The project’s main results indicate the presence of these images on Russian adult sites and their resurgence in hate speech on platforms like 4chan. News articles with varying degrees of transphobia were collected and grouped based on their content. The project integrated web locations of these images into visualizations for better understanding. These findings emphasize the significance of this topic in new media and digital methods, calling for further examination of the misuse of images depicting minoritized bodies online.

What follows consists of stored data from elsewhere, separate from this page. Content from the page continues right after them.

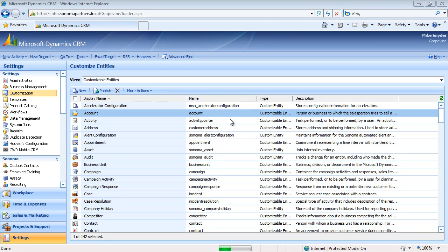Today we want to show you a pretty neat little utility that we built to help make the lives of system customizers a little bit easier in Microsoft CRM.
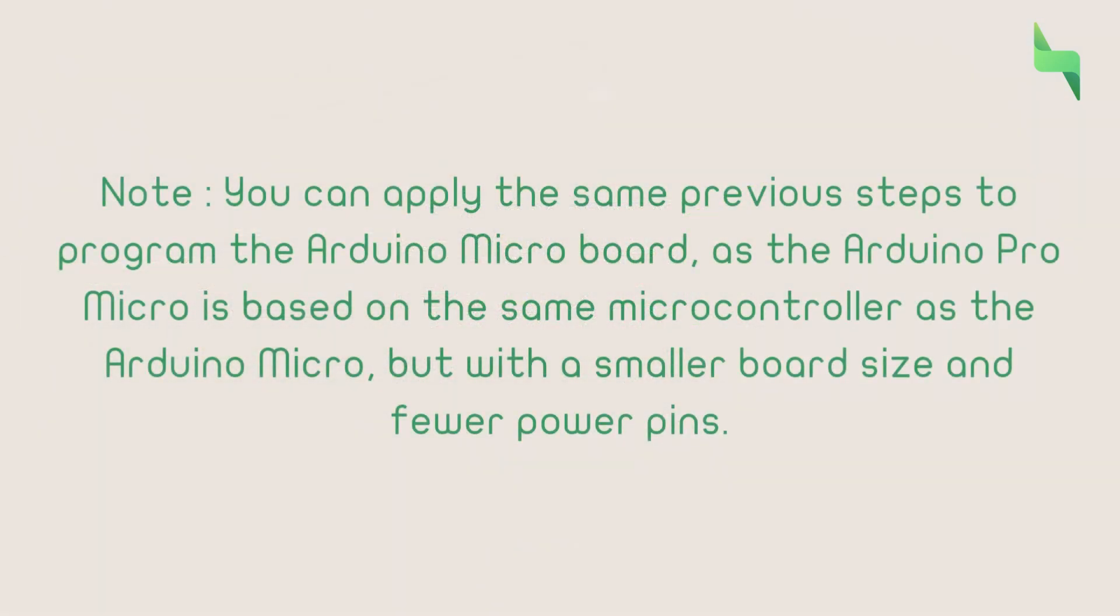As a note, you can apply the same previous steps to program the original Arduino Microboard, as the Pro Micro is based on the same microcontroller, but with a smaller board size and fewer power bits.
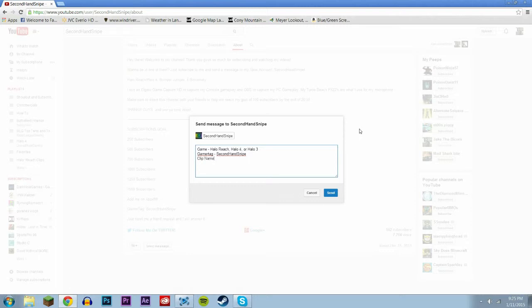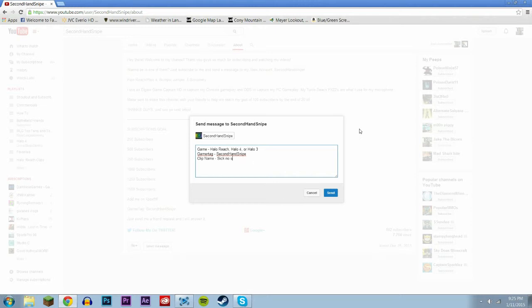So whether it be, I don't know, like gosh I can't even think, whether it be Sick No Scope, Double Kill to Trip, I have no idea. But you guys can just tell me your clip name, and then right at the bottom just anything that you want to add. That's not how you spell thing, that's not how you spell anything that you want to add.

The second group, ‚TikTok imaginaries‘, explored a collection of 632 TikTok videos, focusing on the contemporary online imaginaries of climate activism and climate change denial. Using TikTok video metadata, participants worked with extracted video frames and associated information, including co-hashtags, stickers, and sounds. AI-assisted speech-to-text conversion and computer vision-generated image annotations were employed to locate different forms of embodiment in TikTok performances. By removing background, de-contextualized human and nonhuman bodies ranging from microphones and vehicles to hands, gloves, uniforms, and safety vests were then re-contextualized and collectively re-arranged in collages. 

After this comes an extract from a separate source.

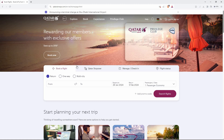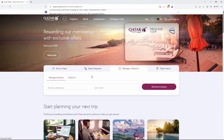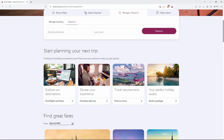Book a flight, Qatar stopover, manage or check-in, and lastly flight status. From the options, click manage or check-in. Under manage or check-in, you have two options: manage booking and check-in. So click check-in.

Figure 2: From Decontextualization to Recontextualization: Re-imagining ‘bodies that stick’ in connection to the power dynamics they enact

Combining methods of ethical fabrication with feminist approaches, some social connections and power relations surfacing through data were re-imagined, while others remained intact in their linkages to one another and their TikTok-mediated contexts. Diverse positionalities, arising from TikTok performances and our research interventions, prompted us to critically assess the influence and ‘weight’ of affectively charged associations that stick onto activists‘ bodies. In de-constructing the hateful rhetoric of climate change deniers, ethical considerations arise. These include both avoiding the normative reproduction of systemic violence and the necessity to support activists through inventive approaches that go beyond digital amplification. 

We thank everyone for their participation and contributions!